◆ THE DATA:
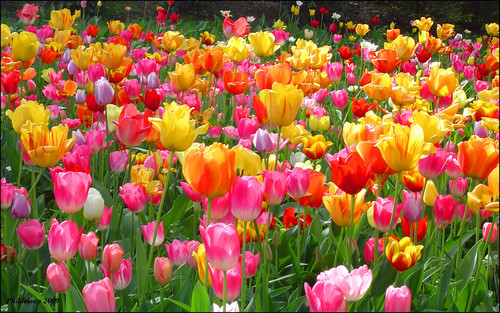 TULIP FESTIVAL HOLLAND, MICHIGAN Tour - Sunshine Tours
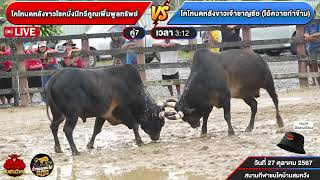 🔴 [LIVE] ถ่ายทอดสดวัวชน | สนามกีฬาชนโคสมหวัง วันที่ 27 ต.ค. 67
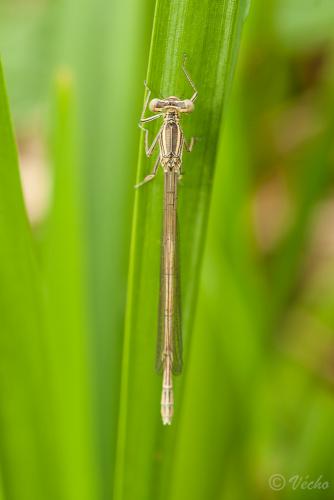 Réf. 84 074 : Platycnemis acutipennis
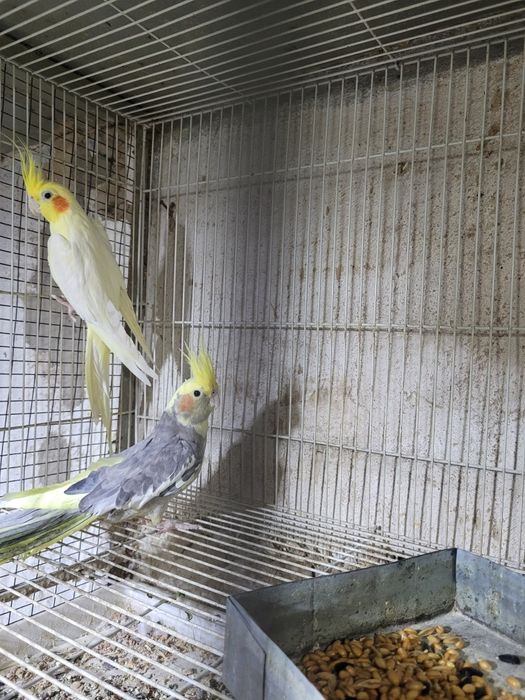 Продаём попугаев
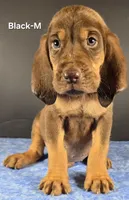 Black, a male Bloodhound for sale in Rusk, TX – 2 of 3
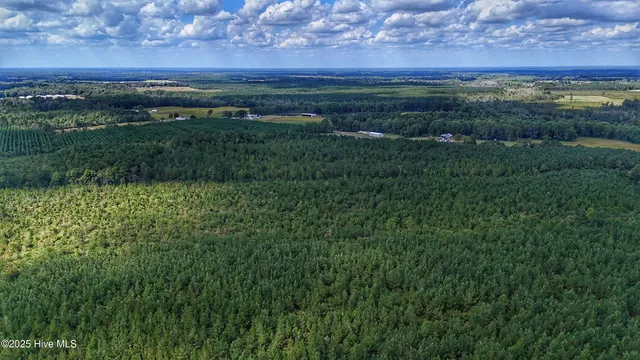 $360,000 | 949 East Pleasant Hill Road, Pink Hill, NC 28572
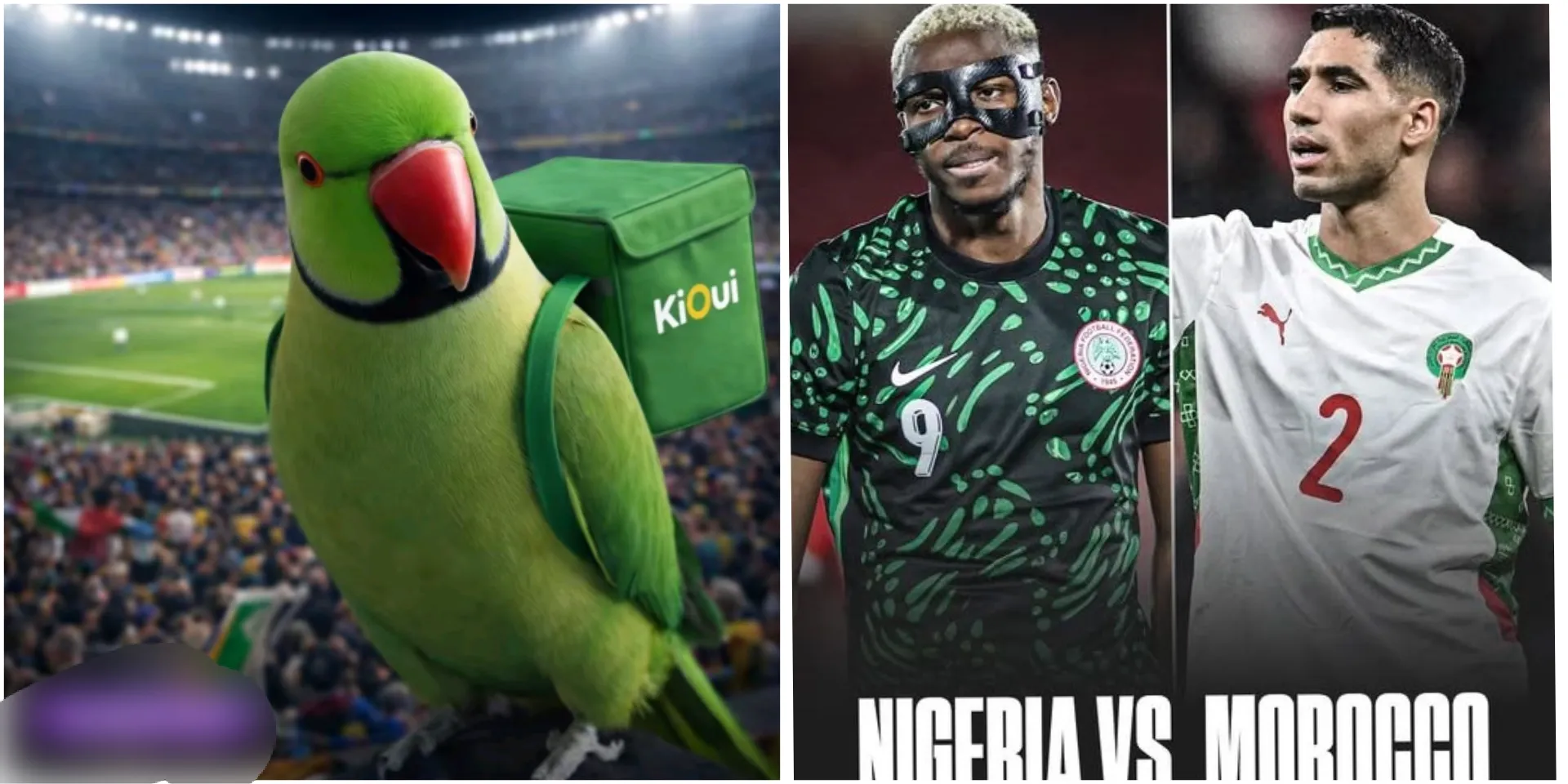 #AFCON: “I too trust this animal”: Mystery bird with over 9 correct predictions reveals how Morocco vs Nigeria match will end (Video)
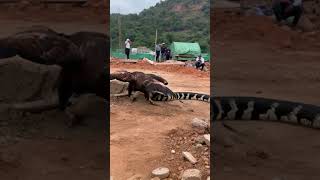 fierce battle between eagle and snake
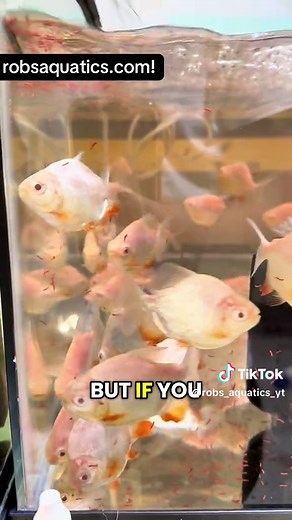 Added 11 new 40-gallon tanks to the new rack in the fish room—the system is coming together fast. To celebrate, the Albino Shortbody Pacu are settling in and eating aggressively, and they’ve officially been discounted by $20 for a limited time. Healthy fish, fresh setups, and more room to grow—available now through robsaquatics.com ! #pacu #florida #aquarium #fishtank #fishtok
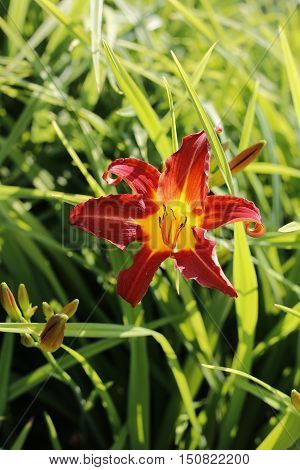Beautiful bright lily in sunlight on the summer garden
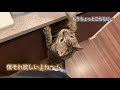 自分が吐きそうな時、呼んでくれる猫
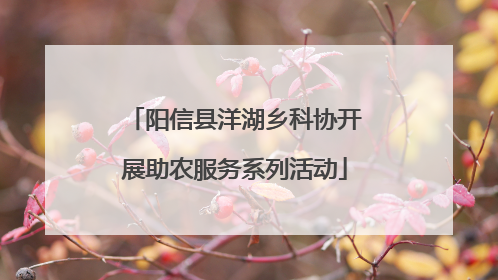 阳信县洋湖乡科协开展助农服务系列活动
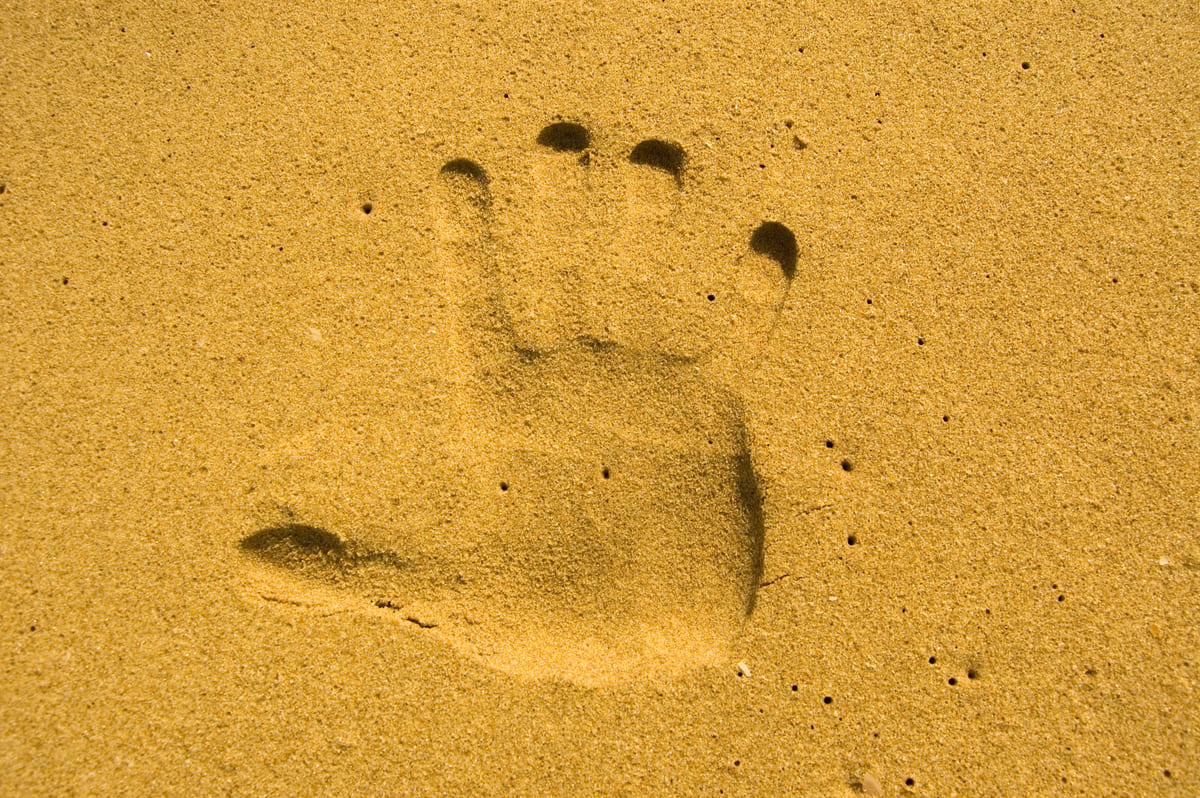 lotta alla desertificazione Cop16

◆ WHAT YOU ARE ASKED TO DO: The answer should contain all the material above, copied exactly, and no images.

◆ TASK OUTPUT:
 TULIP FESTIVAL HOLLAND, MICHIGAN Tour - Sunshine Tours
 🔴 [LIVE] ถ่ายทอดสดวัวชน | สนามกีฬาชนโคสมหวัง วันที่ 27 ต.ค. 67
 Réf. 84 074 : Platycnemis acutipennis
 Продаём попугаев
 Black, a male Bloodhound for sale in Rusk, TX – 2 of 3
 $360,000 | 949 East Pleasant Hill Road, Pink Hill, NC 28572
 #AFCON: “I too trust this animal”: Mystery bird with over 9 correct predictions reveals how Morocco vs Nigeria match will end (Video)
 fierce battle between eagle and snake
 Added 11 new 40-gallon tanks to the new rack in the fish room—the system is coming together fast. To celebrate, the Albino Shortbody Pacu are settling in and eating aggressively, and they’ve officially been discounted by $20 for a limited time. Healthy fish, fresh setups, and more room to grow—available now through robsaquatics.com ! #pacu #florida #aquarium #fishtank #fishtok
Beautiful bright lily in sunlight on the summer garden
 自分が吐きそうな時、呼んでくれる猫
 阳信县洋湖乡科协开展助农服务系列活动
 lotta alla desertificazione Cop16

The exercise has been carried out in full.